Cosa ci aspettavamo da Expo 2015? Un insieme di mondi e culture diverse espresse attraverso il cibo: un’analisi di una delle più importanti e insostituibili risorse quotidiane mondiali, oggigiorno in via di esaurimento.

Lo slogan “How to feed the Planet?” non lascia alcun dubbio. Se non una vera e propria educazione alimentare volta a tutti i partecipanti e visitatori, ci si aspettava almeno la possibilità di assistere a un grande numero di conferenze, lezioni e interviste che avrebbero potuto spiegare con semplicità, ma non per questo superficialità, i must sul cibo del ventunesimo secolo. Aggiungendo anche la possibilità di carpire rilevanti aspetti del mondo agroalimentare attraverso le visite dei 145 padiglioni dei paesi partecipanti, che avrebbero potuto trasformare il loro spazio in una piccola realtà in scala.

Al contrario delle aspettative più propositive che potevano esserci - non tutte infrante - quasi alla fine della fiera, non possono mancare alcune considerazioni critiche. Il visitatore che oltrepassa per la prima volta i tornelli all'apertura, deve recarsi velocemente ai padiglioni che potrebbero riscontrare maggior interesse. In questo modo, eviterà le ore di punta con conseguenti attese interminabili, per sfruttare il suo tempo prezioso al meglio. Quindi il primo padiglione da visitare è il Padiglione Italia. Arrivato lì, si sarà formata una coda già particolarmente lunga e il visitatore si porrà la fatidica domanda: aspetto pazientemente i 45 minuti previsti o scelgo un altro padiglione? A mio parere, se non vi sentirete troppo in colpa per aver tradito il bel paese, la visita può essere omessa, data l'inutilità delle nozioni contenute al suo interno.
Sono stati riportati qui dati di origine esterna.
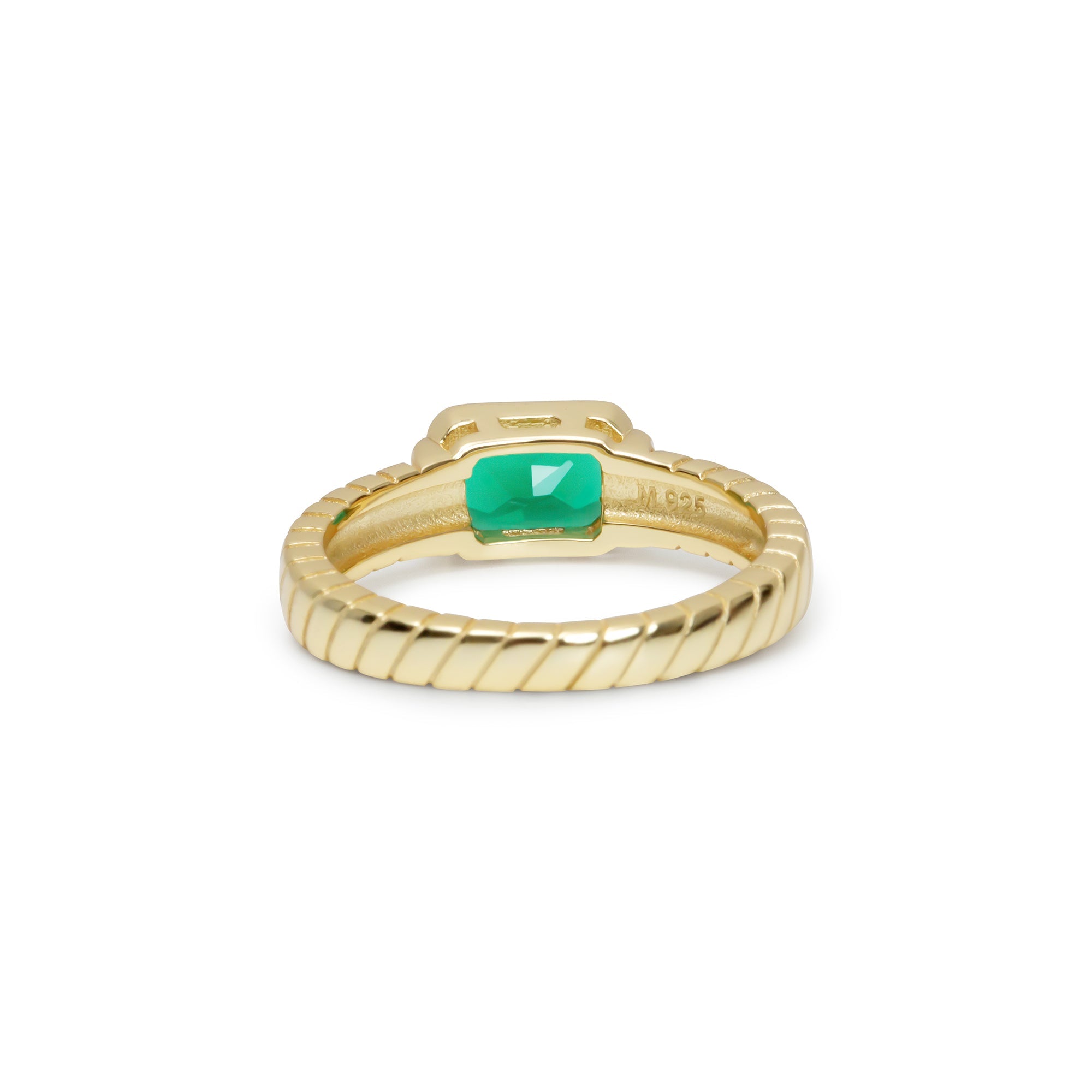 The Square Green Gemstone Twist Ring | 18KT Gold Vermeil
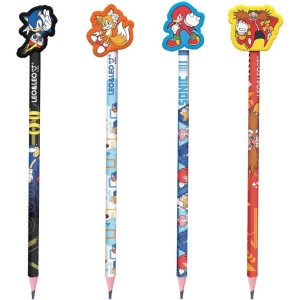 Lapis Preto Redondo Decorado Sonic C/borracha 4 Modelos-114547-80919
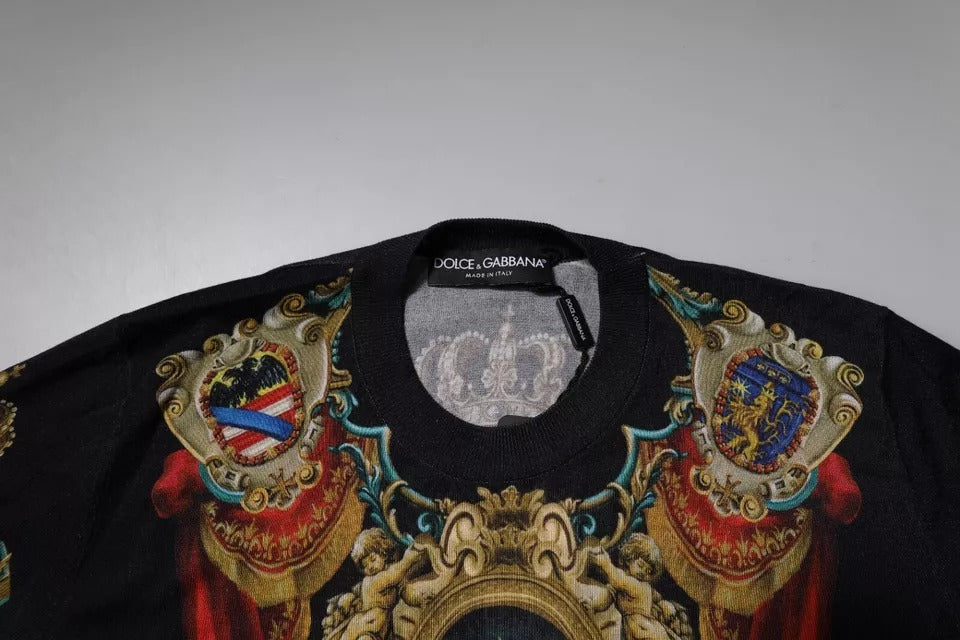 Dolce & Gabbana Maglione girocollo in seta DG Heraldic nero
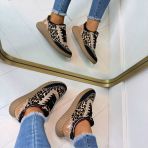 LA STRADA SNEAKER 2404328-1201 BLACK NUBK PU+LEO SATIN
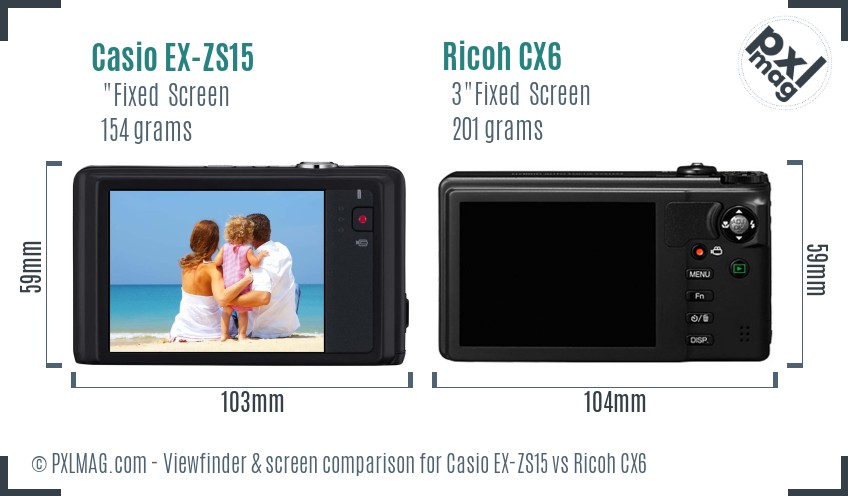 Casio EX-ZS15 vs Ricoh CX6 Screen and Viewfinder comparison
I quattro piani dedicati alla cultura gastronomica italiana, vengono rappresentati da un insieme di informazioni di vario genere, che, a parte per un piccolissimo spazio al primo piano, non hanno nulla a che fare con la gastronomia del nostro paese. Tra architetture, pitture, televisioni vecchio stile e qualche pianta in miniatura, di gastronomia si parla ben poco.

Sia che il visitatore abbia scelto di entrare o meno, il passo successivo sarà visitare il secondo padiglione, e, anche in questo caso, dovrà recarsi a quelli più gettonati come Giappone, Emirati Arabi e Paesi Sudamericani. Ognuno da scoprire.
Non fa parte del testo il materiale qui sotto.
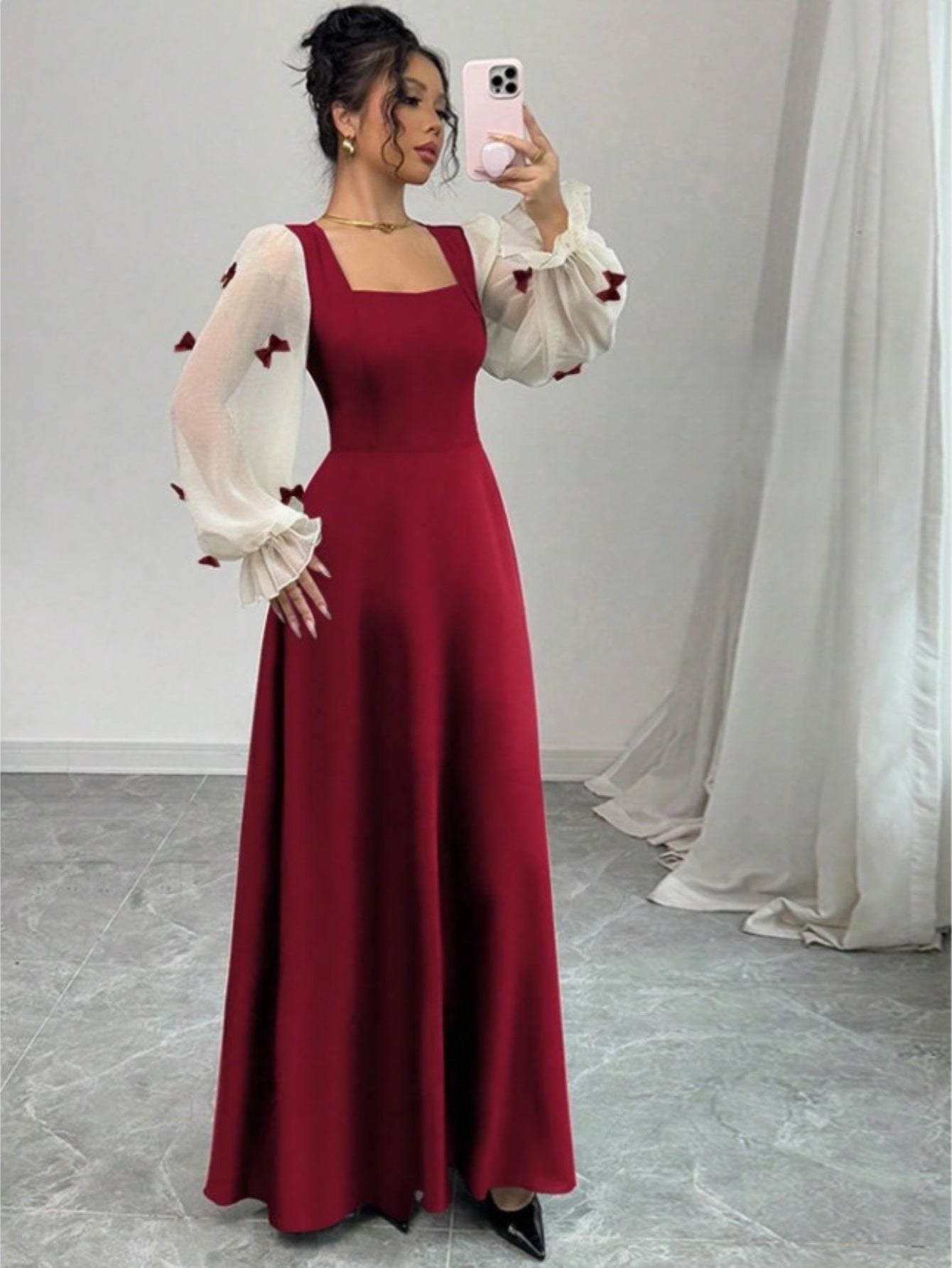 Robe élégante femme rouge bordeaux – manches bouffantes, col carré, nœud à la taille, coupe A-line longue, formelle pour soirées et mariages, lavable en machine, toutes saisons, adaptée aux talons courts ou chaussures plates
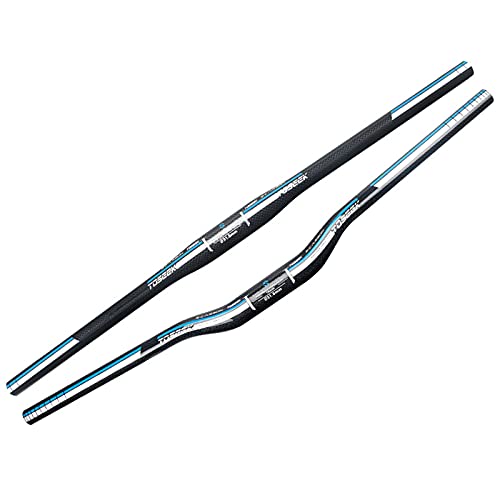 Guidon VTT carbone cintre route droit riser bleu 31.8mm léger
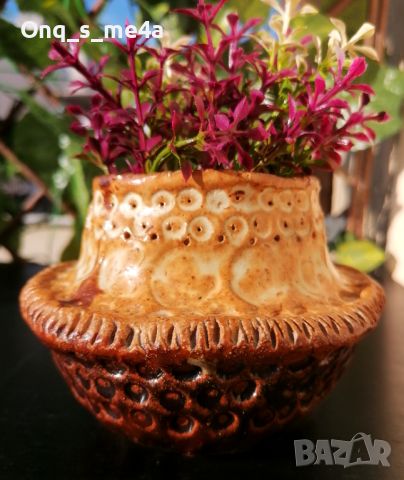 Ниска керамична вазичка 'Питка' 😄, снимка 1 - Декорация за дома - 45285933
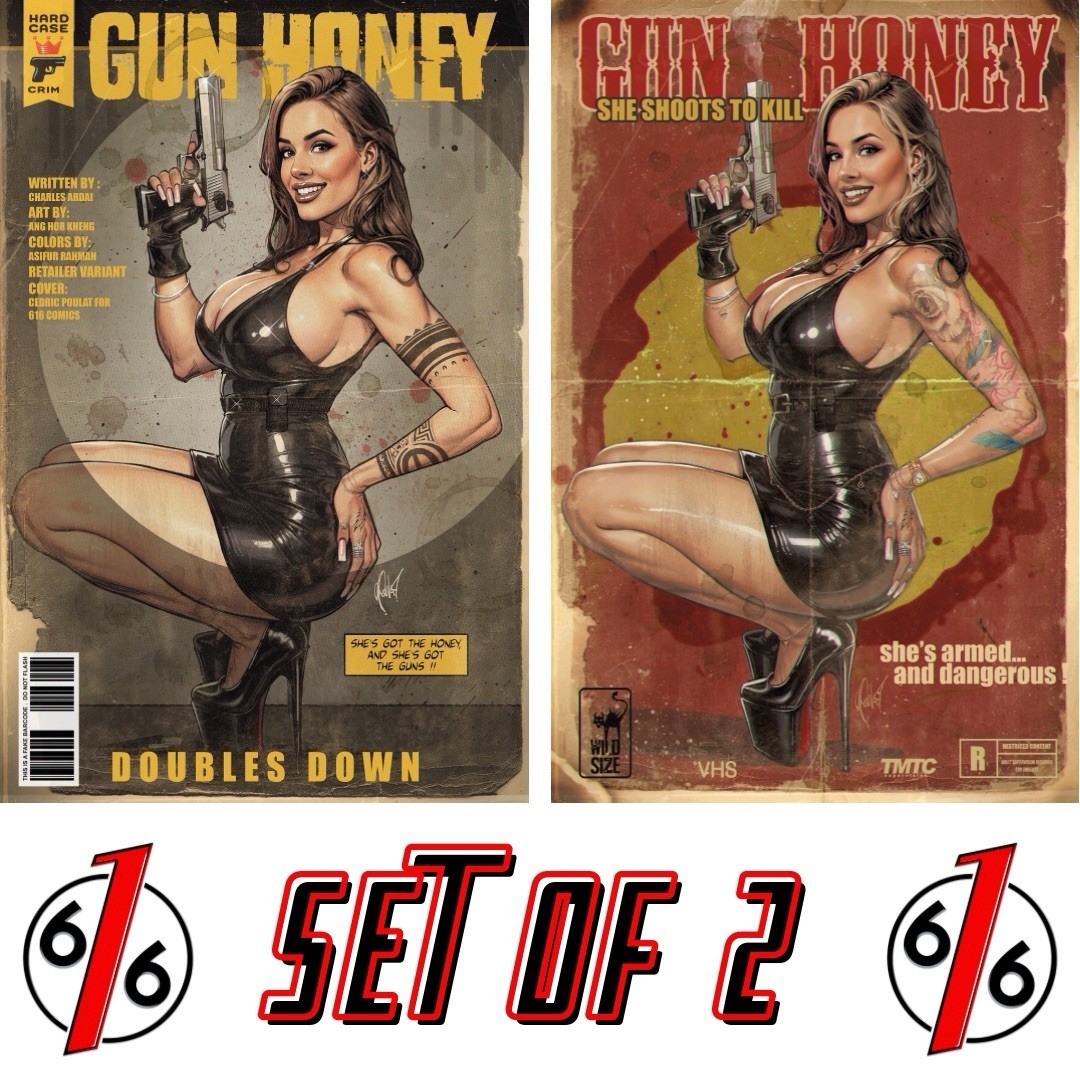 🔥 GUN HONEY DOUBLES DOWN 1 CEDRIC POULAT 616 COMICS Variant AB Set LTD 500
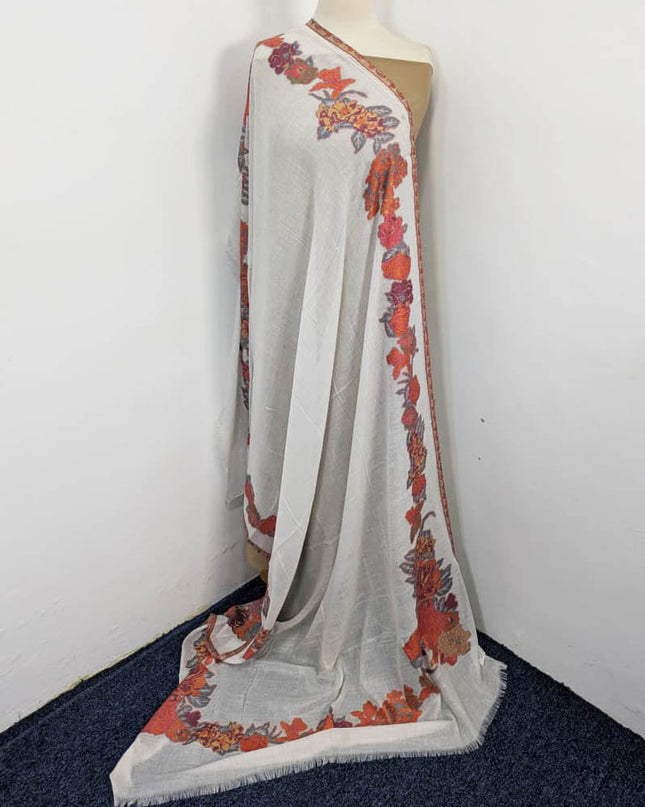 China Wool Shawl with 3D Floral Work (Ready To Wear)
Sicuramente, tra l'innumerevole numero di opzioni e il poco tempo a disposizione, il consiglio è quello di visitare i padiglioni più piccoli, che, nella maggior parte dei casi, offrono grandi sorprese, senza essere troppo affollati. Una particolare attenzione va posta all'Israele, che in maniera semplice e divertente, spiega le particolari doti della grande tecnologia agroalimentare di cui gode. Il Marocco, con una grande diversità di microclimi e varietà di piante da frutto, esemplifica l'ampia biodiversità del paese. La Corea del Sud, che in maniera altamente tecnologica, ha incentrato il suo spazio ponendo l’attenzione vero i tre punti chiave per una sana e ponderata alimentazione. Il resto va scoperto passo passo, evitando pure qualche sfortunato padiglione, come l’Argentina, che da raccontare ha ben poco.

Se poi qualche visitatore esperto o molto interessato ai temi di grande rilevanza del mondo alimentare odierno volesse partecipare a conferenze e meeting informativi e di approfondimento, dovrà cercare con estrema attenzione qualcuno o qualcosa che lo possa informare a riguardo. Le informazioni dettate dal megafono che sono costantemente ripetute, nella maggior parte dei casi non riguardano conferenze e incontri, ma soltanto qualche pubblicità o gentile invito verso punti di ristoro e spettacoli.

A questo punto, all’Esposizione Universale 2015 resta a voi scegliere dove andare, cosa vedere e come mangiare; perché tra il fascino di un padiglione e l'altro e il grande lavoro di camouflage fatto, le opzioni sono innumerevoli e le considerazioni post-visita altrettanto.